The DNC’s “food fight and disenfranchisement festival” was good for the party? said Jeff Jarvis in the blog Buzz Machine. The “chaos and vitriol” at the rules fight seem instead to prove that the Democrats are well on track to “blow an election” that should be “an easy victory.” And the “arbitrary" allotment of Michigan delegates makes a joke of the party’s “oft-voiced commitment to voting rights.”
If the Michigan apportionment was arbitrary, said John Cole the blog Balloon Juice, it’s because the state’s “election did not count.” All the candidates, including Clinton, agreed to that beforehand. So her campaign’s new argument that her Michigan electors were “stolen” or “hijacked” is “outrageous.” The DNC didn’t rob Clinton of four Michigan delegates, it stopped her “attempt to steal dozens” from Obama.
Clinton’s last best hope is convincing Obama superdelegates to defect, said Ben Smith in Politico. And her reminder that “superdelegates aren’t locked into their choices” is a “technically valid reason” for her to stay in the race, even if Obama locks up a majority of delegates this week, as seems “likely.” But valid or not, the “political reality” is that superdelegates tend to flow “toward the winner.”

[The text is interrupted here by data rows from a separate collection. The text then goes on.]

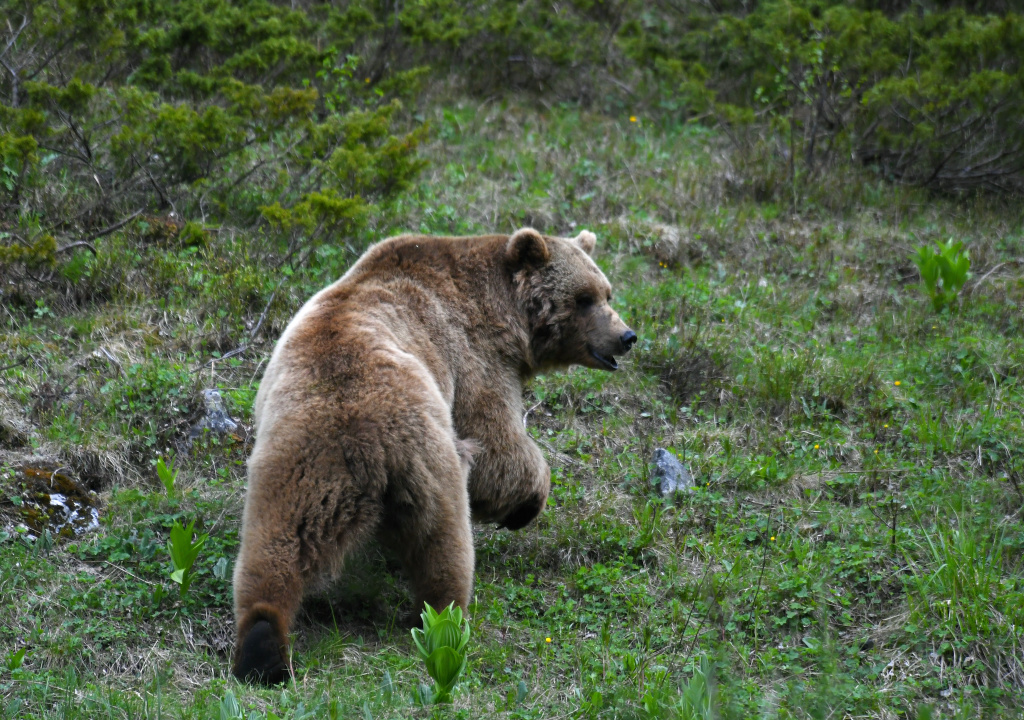 Учет бурого медведя в Кавказском заповеднике 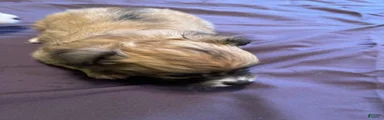 Chihuahua 3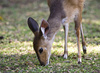young antelope - photo/picture definition - young antelope word and phrase image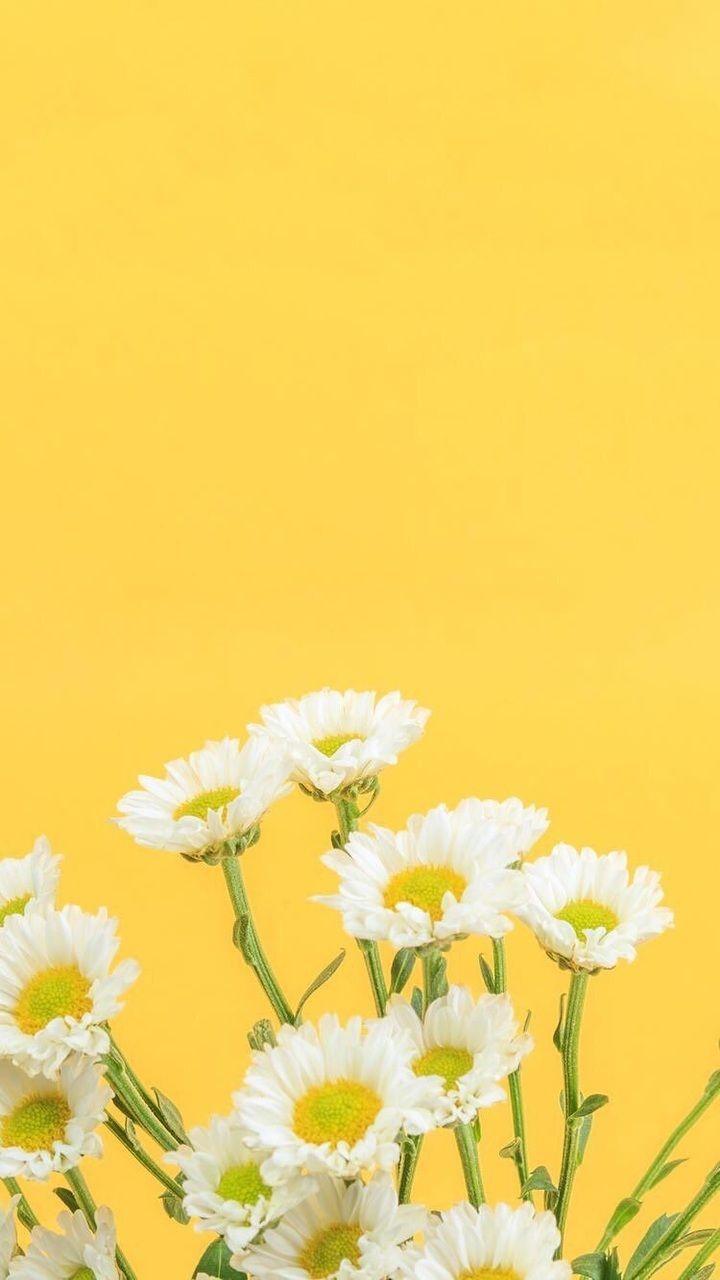 Yellow Floral iPhone Wallpaper Free Yellow Floral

The whole rules fight “seems like much ado about nothing,” really, said Michael Crowley in The New Republic’s The Stump blog. This “DNC feud” was never about the “measly four extra delegates” Obama got in Michigan, but about Clinton leaving the race “on her own terms, with the greatest possible aura of strength and potency,” as she prepares for “the next act.”